═════ Records supplied

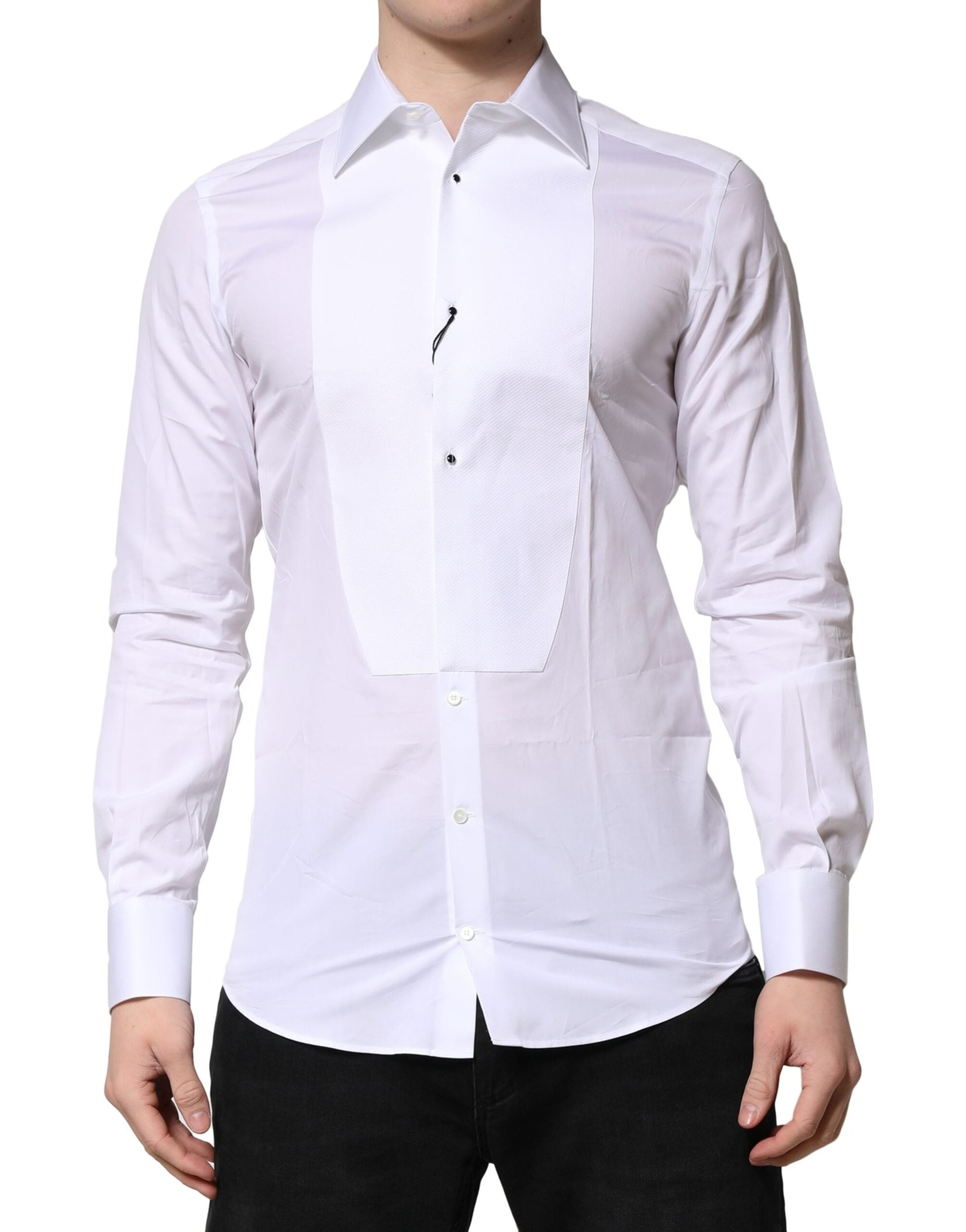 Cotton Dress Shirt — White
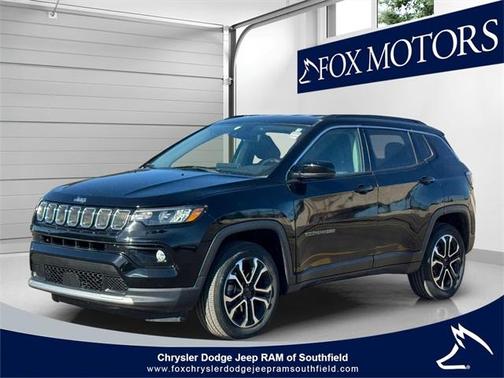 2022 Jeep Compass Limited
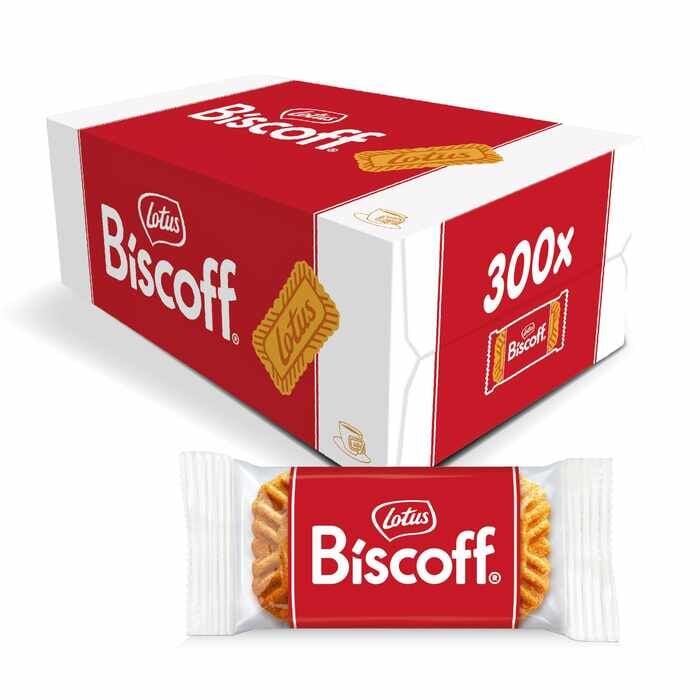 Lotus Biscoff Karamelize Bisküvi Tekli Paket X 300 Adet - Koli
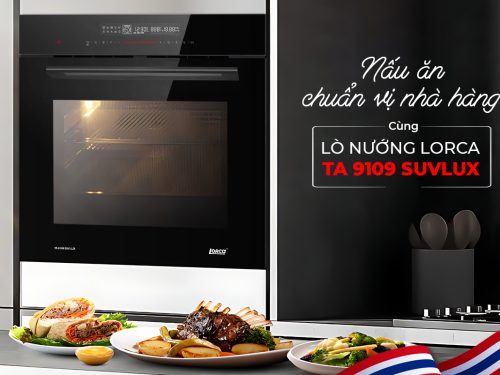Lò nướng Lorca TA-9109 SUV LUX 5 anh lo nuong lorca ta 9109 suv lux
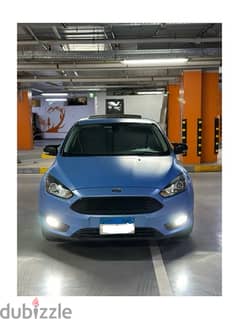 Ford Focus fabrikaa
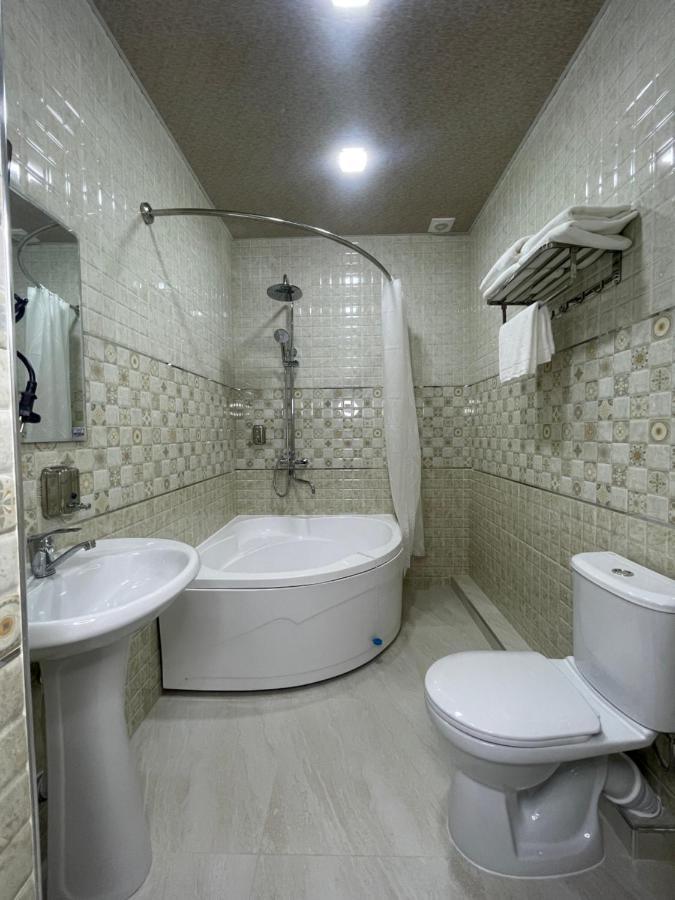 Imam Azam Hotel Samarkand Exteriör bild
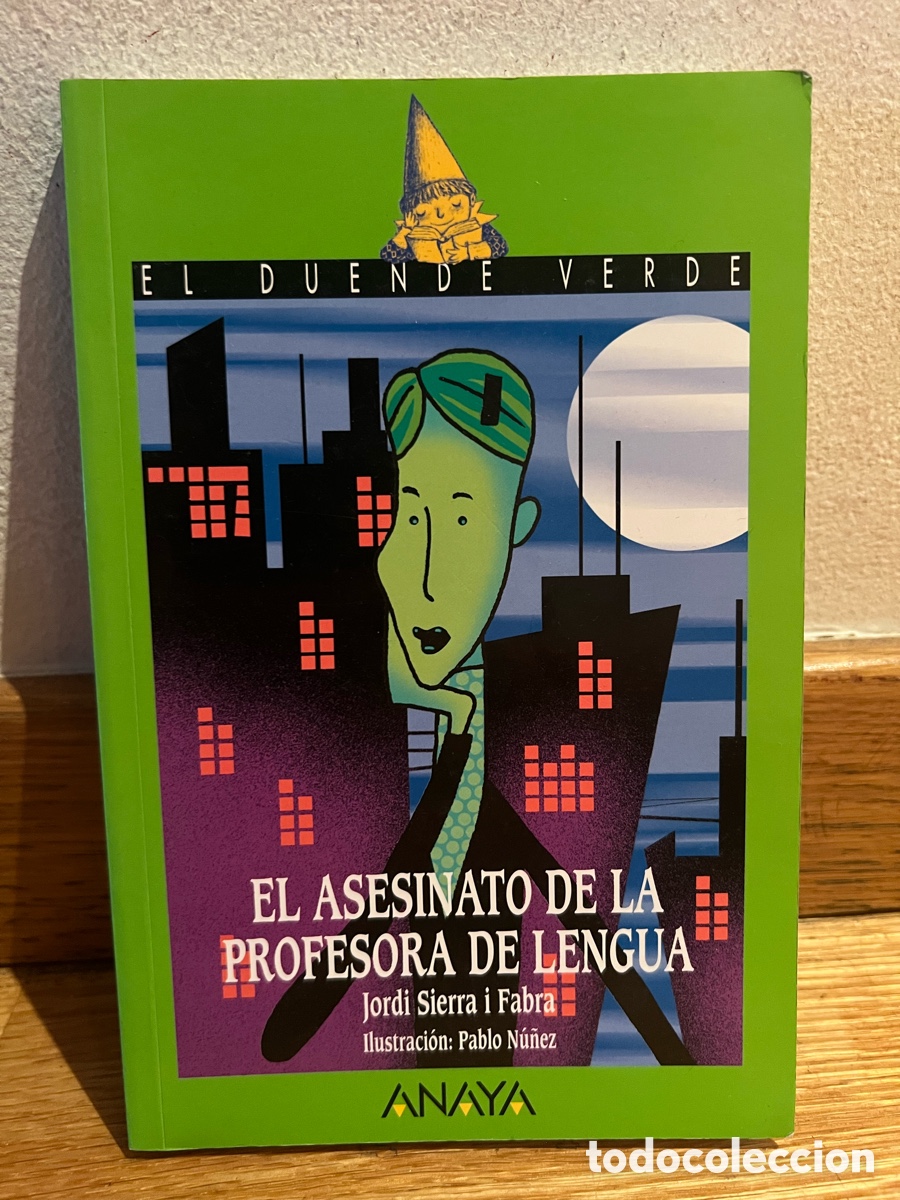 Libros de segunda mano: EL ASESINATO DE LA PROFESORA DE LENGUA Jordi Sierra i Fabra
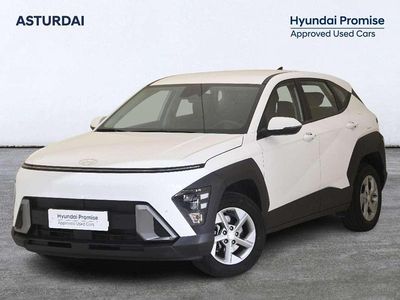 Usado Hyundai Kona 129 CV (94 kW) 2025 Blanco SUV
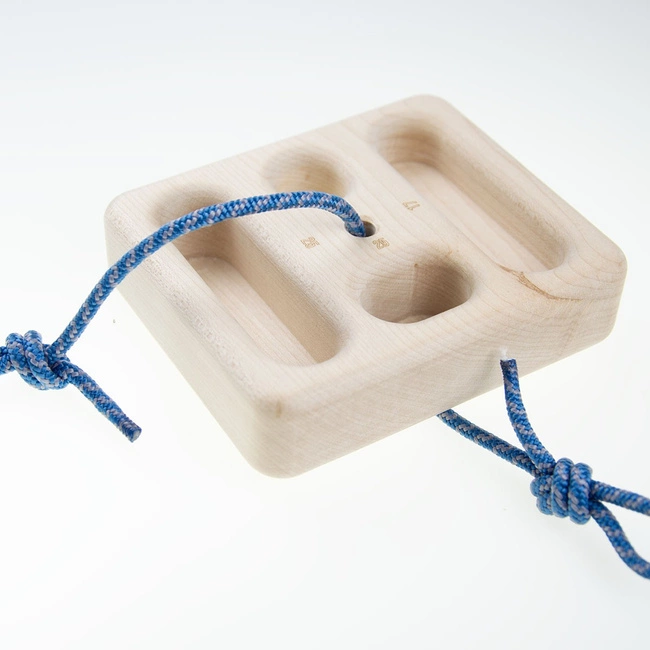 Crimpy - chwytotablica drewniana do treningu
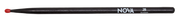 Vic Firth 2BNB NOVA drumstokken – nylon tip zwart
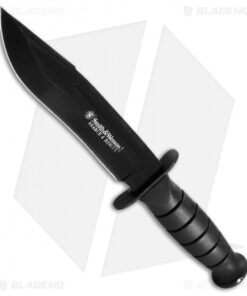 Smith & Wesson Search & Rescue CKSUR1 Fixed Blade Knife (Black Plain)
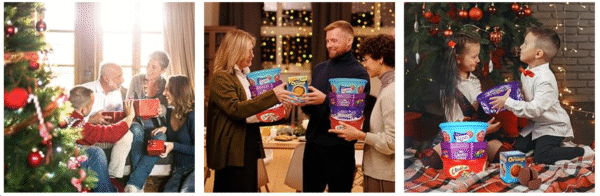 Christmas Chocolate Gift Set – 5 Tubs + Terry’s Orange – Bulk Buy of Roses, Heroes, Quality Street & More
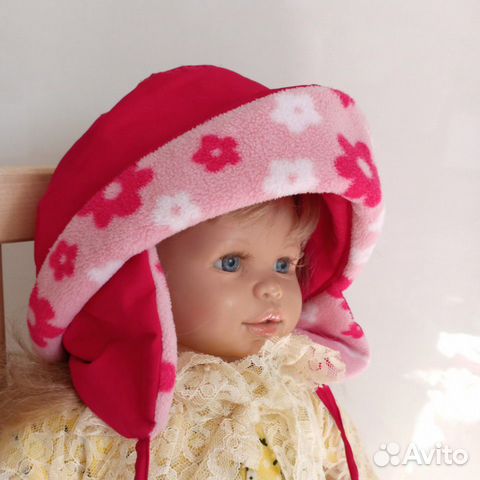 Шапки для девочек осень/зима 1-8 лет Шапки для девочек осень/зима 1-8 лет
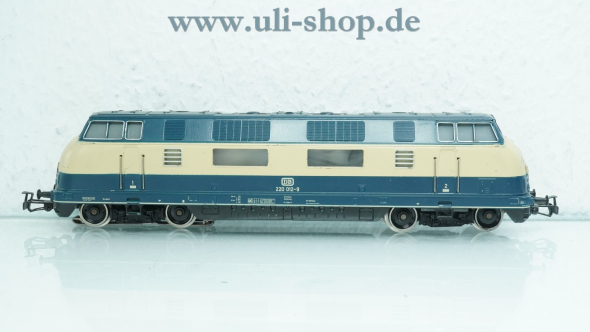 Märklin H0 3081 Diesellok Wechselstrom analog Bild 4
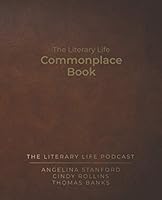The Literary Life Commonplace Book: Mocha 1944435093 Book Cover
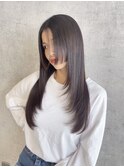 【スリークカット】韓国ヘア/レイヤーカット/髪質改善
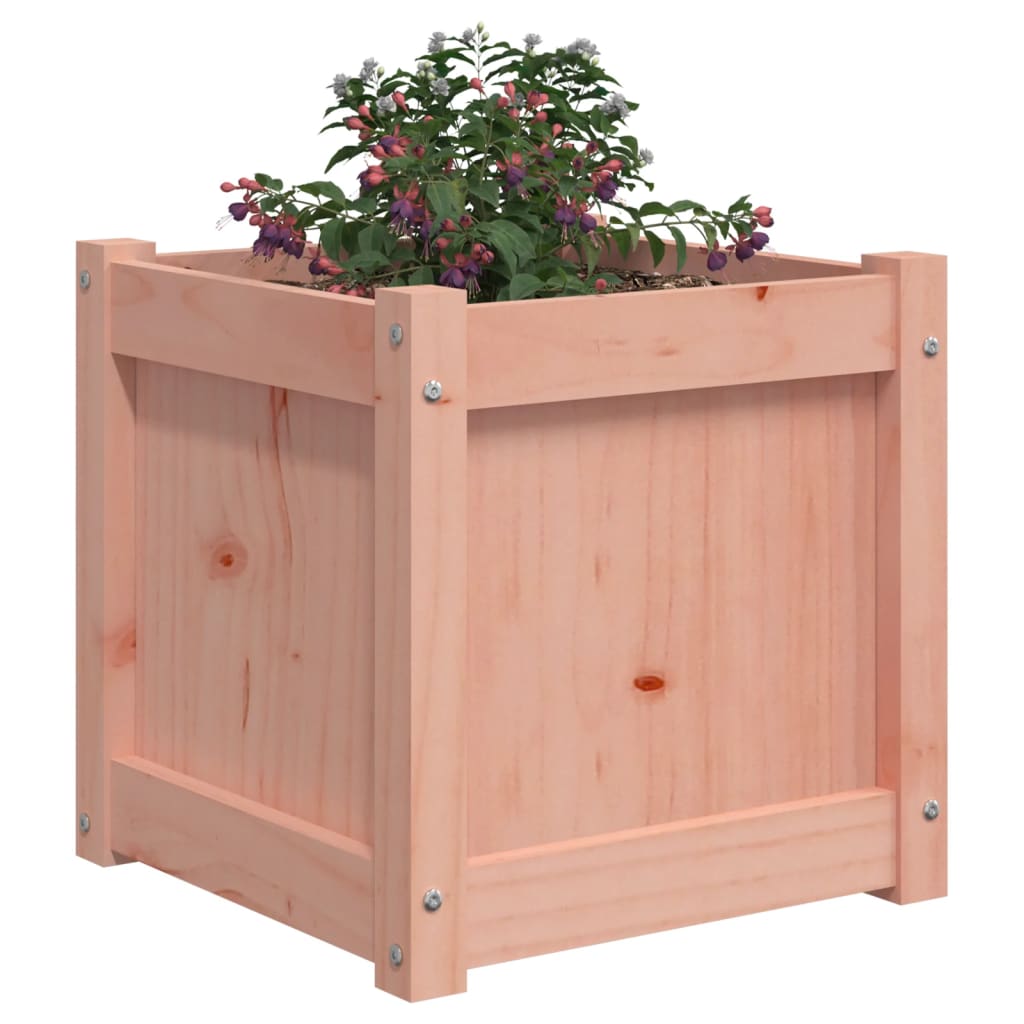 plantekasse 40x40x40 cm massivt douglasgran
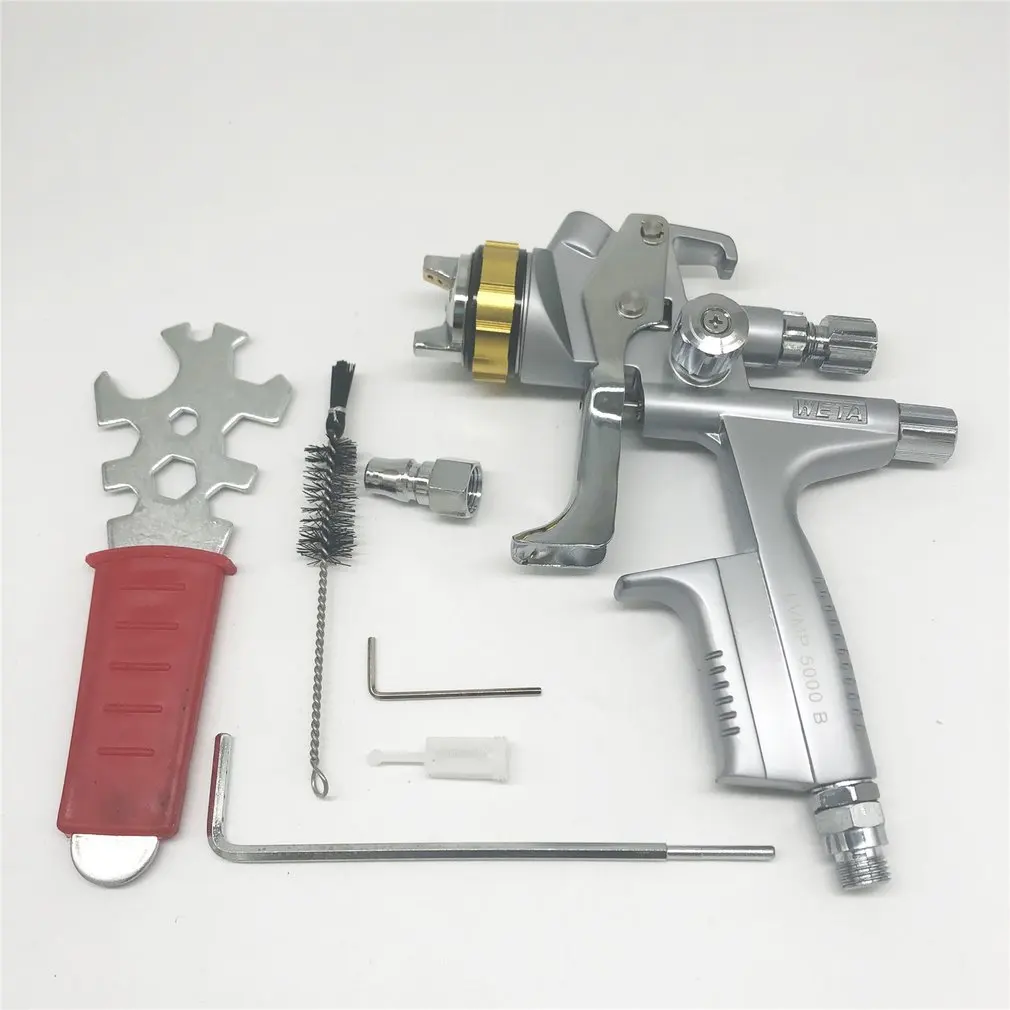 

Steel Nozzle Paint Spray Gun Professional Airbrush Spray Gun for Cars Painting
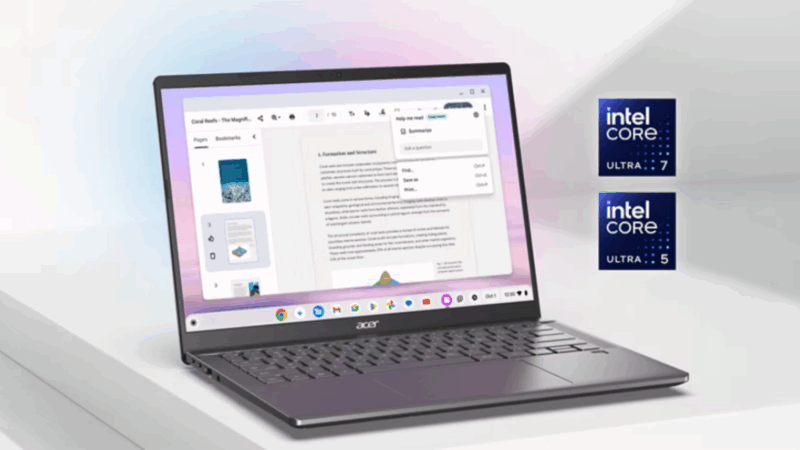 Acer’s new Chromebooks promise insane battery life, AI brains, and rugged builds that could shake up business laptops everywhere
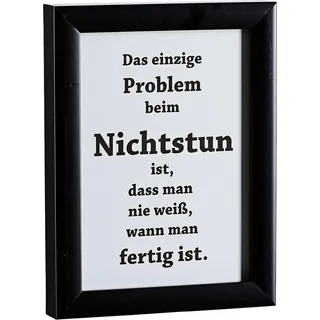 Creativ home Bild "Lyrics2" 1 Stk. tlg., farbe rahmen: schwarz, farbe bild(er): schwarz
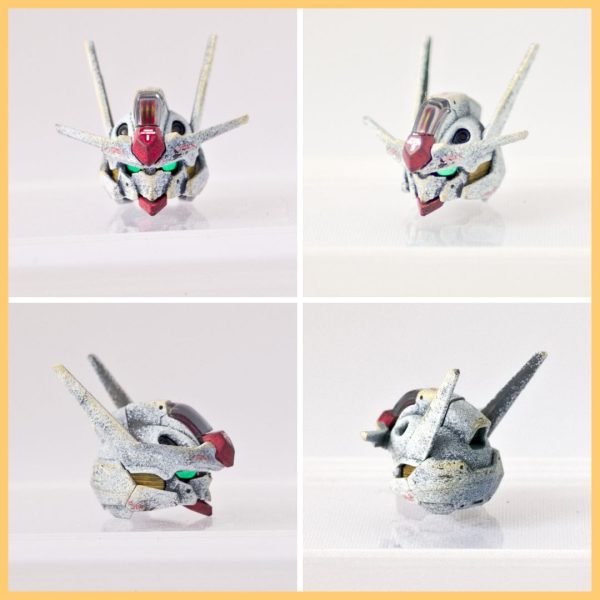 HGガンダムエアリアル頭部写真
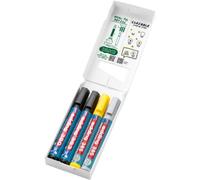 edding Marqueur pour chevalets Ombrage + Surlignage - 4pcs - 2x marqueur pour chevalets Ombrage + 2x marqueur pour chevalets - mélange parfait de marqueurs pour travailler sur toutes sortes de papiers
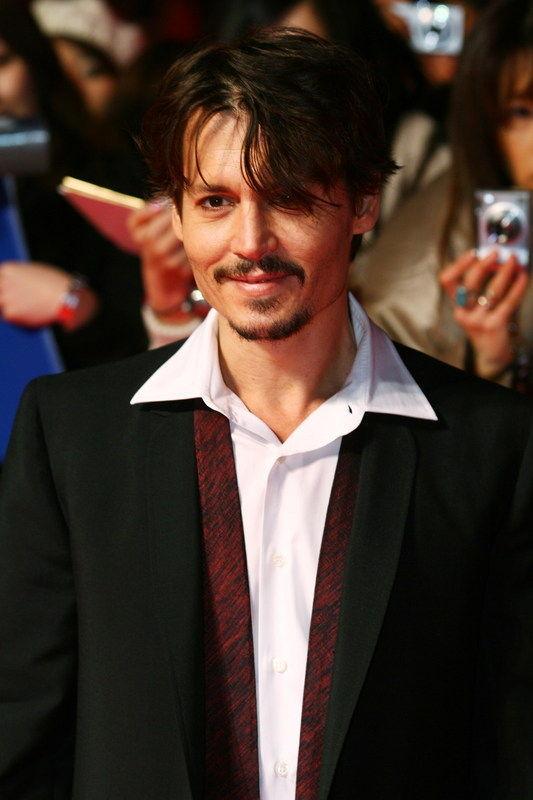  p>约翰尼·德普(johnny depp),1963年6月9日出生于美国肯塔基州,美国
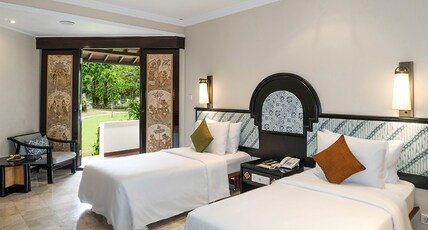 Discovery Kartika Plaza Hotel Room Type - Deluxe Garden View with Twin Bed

══════════

Each entry above should be returned exactly as written, minus its pictures.

 Cotton Dress Shirt — White
 2022 Jeep Compass Limited
 Lotus Biscoff Karamelize Bisküvi Tekli Paket X 300 Adet - Koli
Lò nướng Lorca TA-9109 SUV LUX 5 anh lo nuong lorca ta 9109 suv lux
 Ford Focus fabrikaa
 Imam Azam Hotel Samarkand Exteriör bild
 Libros de segunda mano: EL ASESINATO DE LA PROFESORA DE LENGUA Jordi Sierra i Fabra
 Usado Hyundai Kona 129 CV (94 kW) 2025 Blanco SUV
 Crimpy - chwytotablica drewniana do treningu
 Vic Firth 2BNB NOVA drumstokken – nylon tip zwart
 Smith & Wesson Search & Rescue CKSUR1 Fixed Blade Knife (Black Plain)
 Christmas Chocolate Gift Set – 5 Tubs + Terry’s Orange – Bulk Buy of Roses, Heroes, Quality Street & More
 Шапки для девочек осень/зима 1-8 лет Шапки для девочек осень/зима 1-8 лет
 Märklin H0 3081 Diesellok Wechselstrom analog Bild 4
The Literary Life Commonplace Book: Mocha 1944435093 Book Cover
 【スリークカット】韓国ヘア/レイヤーカット/髪質改善
 plantekasse 40x40x40 cm massivt douglasgran

Steel Nozzle Paint Spray Gun Professional Airbrush Spray Gun for Cars Painting
 Acer’s new Chromebooks promise insane battery life, AI brains, and rugged builds that could shake up business laptops everywhere
 Creativ home Bild "Lyrics2" 1 Stk. tlg., farbe rahmen: schwarz, farbe bild(er): schwarz
 HGガンダムエアリアル頭部写真
 edding Marqueur pour chevalets Ombrage + Surlignage - 4pcs - 2x marqueur pour chevalets Ombrage + 2x marqueur pour chevalets - mélange parfait de marqueurs pour travailler sur toutes sortes de papiers
  p>约翰尼·德普(johnny depp),1963年6月9日出生于美国肯塔基州,美国
 Discovery Kartika Plaza Hotel Room Type - Deluxe Garden View with Twin Bed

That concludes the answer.